MINNEAPOLIS (AP) — Aliyah Boston dominated women's college basketball on both ends of the court this season.
The junior forward helped South Carolina go wire-to-wire as the No. 1 team in the country, putting up an SEC-record 27 consecutive double-doubles, and she has helped put the Gamecocks two wins away from the program's second national championship.
Boston was honored as The Associated Press women's basketball player of the year on Thursday. She is the second player from South Carolina to be recognized with the award, joining former Gamecocks great A'ja Wilson.

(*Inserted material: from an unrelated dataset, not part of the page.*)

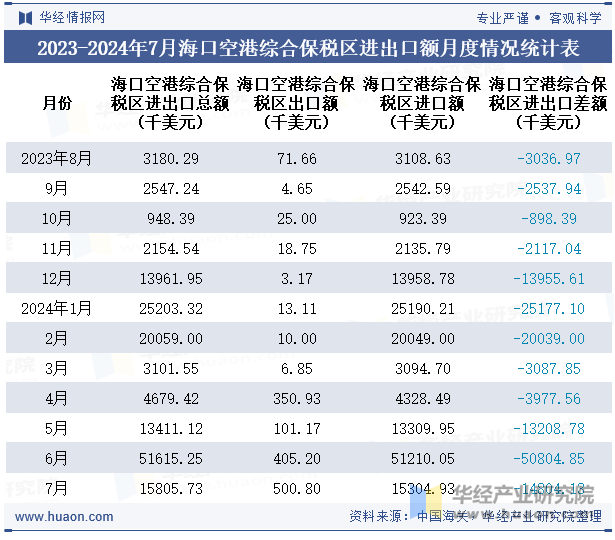 2023-2024年7月海口空港综合保税区进出口额月度情况统计表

“Not often do you get the complete package. I think this recognition is for what she was able to do on both sides of the ball,” South Carolina coach Dawn Staley said. “The player of the year is usually for offensive-minded people who think that when you put the ball in the hole, you should be bestowed the player of the year. She’s the full package. Every single day.”
Boston's parents and aunt as well as the entire South Carolina team were in the audience of the ceremony that also honored AP Coach of the Year Kim Mulkey.
“Coming into this year I said in the back of my mind I wanted to change the narrative this year about women's basketball," Boston said. "To get this award means a lot and I can't wait to do more in the future.”
Boston received 23 votes from the 30-member national media panel that votes weekly for the AP Top 25. Iowa's Caitlin Clark received six votes and Baylor's NaLyssa Smith got one.
Boston averaged 16.8 points, 12 rebounds and 2.6 blocks this year.
“I think Aliyah is so unselfish that she’s not very comfortable taking over basketball games,” Staley said. “She doesn’t want to be seen by her teammates as selfish and chasing numbers."
Boston's parents surprised the unanimous first-team AP All-American with the news on Zoom that she had won the award.
“I'm in shock, I got the chills,” Boston said to her parents on the call.
Staley said that Boston is one of the hardest workers on the team.
“Young people will follow anyone, good or bad,” the coach said. “Aliyah has tbe personality where you’d follow her because of how hard she works, how unselfish she is, how giving she is. When it’s time to make plays she delivers. She’s a leader to follow for all the right reasons.”